WP6. Developing and validating of optimized mapping approach for urban chlorophyll mapping as indicator of air pollution
Within ARTMO, recently various retrieval toolboxes have been developed that enables optimized mapping of urban chlorophyll content. These retrieval toolboxes are organized according to the nature of their algorithms: (1) parametric regression, such as the NAOC (Normalised Area Over reflectance Curve) approach [NAOC-based mapping earlier showed to work well for chlorophyll mapping in Valencia]; (2) non-parametric regression; and (3) inversion of radiative transfer models. More info on the methodologies can be found in Form 6. In a first stage an optimized mapping approach will be assessed and validated by using the toolboxes and collected data [field and airborne (WP3)]. Chlorophyll content will be sampled in Valencia on a broad variety of urban (tree) species in relation to their growing conditions (e.g. degree of air pollution, see WP2) and canopy architecture. In a second stage a broad range of species with various leaf characteristics will be sampled for their chlorophyll content in contrasting growing conditions at the city of Antwerp to test whether the optimized mapping approach is portable in a broad climatic range and for many species with contrasting leaf characteristics. The calibration curves obtained for both sites (Valencia and Antwerp) as well the associated uncertainties will be tested at the other site (cross-calibration), to ascertain the general validity of the approach.

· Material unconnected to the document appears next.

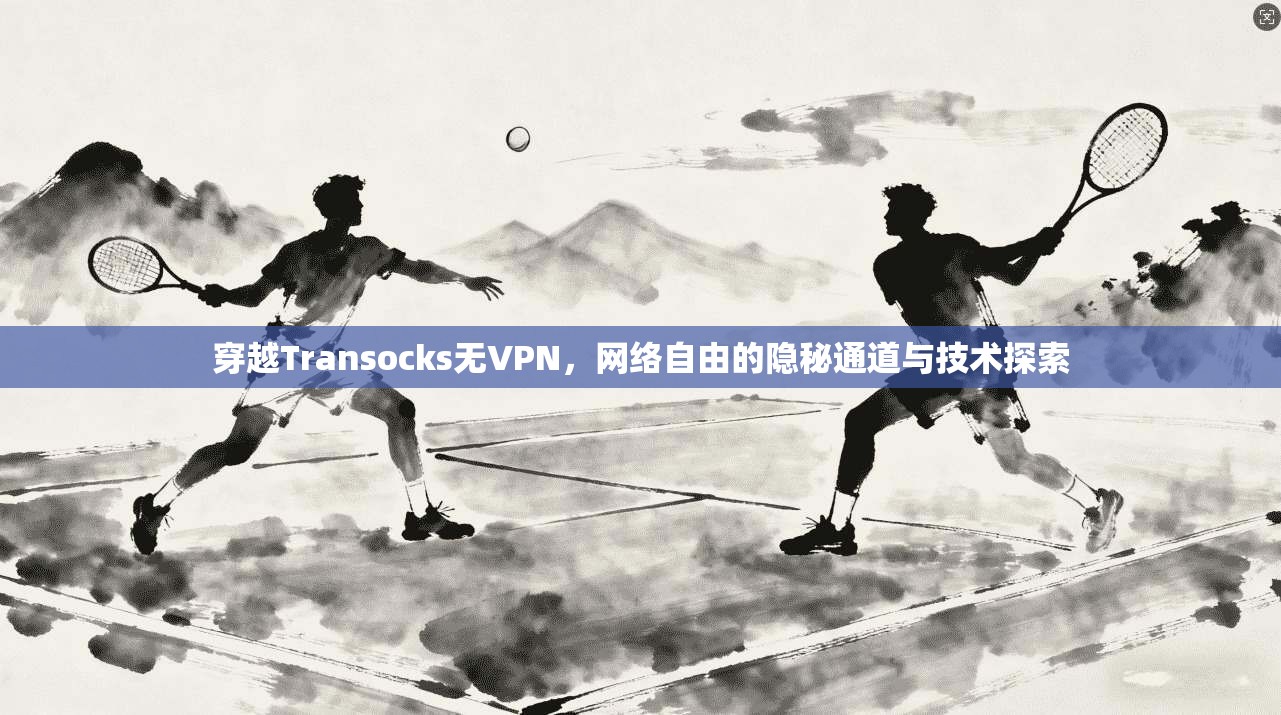 穿越Transocks无VPN，网络自由的隐秘通道与技术探索  第1张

WP7. Description and optimisation of a sampling methodology for the estimation of urban air quality
Meetings will be organized with responsible policy makers of both test cities and the authorities responsible for environmental monitoring at the local, regional or national level, as they can help in the interpretation of the obtained results (i.e. the obtained maps). Based on these meetings and the former WPs a sampling methodology for each test site will be developed.
EXPECTED SCIENTIFIC RESULTS
The overall outcome of the project will be a (primer of a) methodology for the monitoring of urban habitat quality and urban air quality based on airborne hyperspectral and chlorophyll fluorescence measurements.
The scientific outcome of the project will be a thorough knowledge of the correlation between tree characteristics at the sub-leaf, leaf and canopy level with air and soil pollution. Moreover, there will be a deep knowledge of the correlation between the characteristics measured at the different tree levels, and especially on the relevance and potential of airborne hyperspectral and chlorophyll fluorescence data.
Scientific publications:
The project is organised as such that WP2 – WP6 will lead to at least one, but often several peer reviewed publications in international journals.
Other scientific dissemination:
The outcome of this project will also be spread in the scientific community by active participation (posters and oral presentations) in relevant (inter)national workshops and symposia.
EXPECTED PRODUCTS AND SERVICES
A generic passive biomonitoring protocol for performing an inventory in urban environment will be delivered, including a motivated list of the most suitable parameters, sampling locations, species and sampling time as also the maps related to these parameters for the cities of Antwerp and Valencia.
Dissemination among policy makers:
As already mentioned in WP7, results will be discussed with the relevant policy makers and administration of both cities and environmental monitoring agencies for: (i) a better interpretation of the results, and (ii) a feedback on the needs of the administration and policy makers to come to a generic methodology that eventually can be used by these policy makers and agencies.
Final workshop:
At the end of the project a workshop will be organised for policy makers and scientists on biomonitoring of the urban air quality.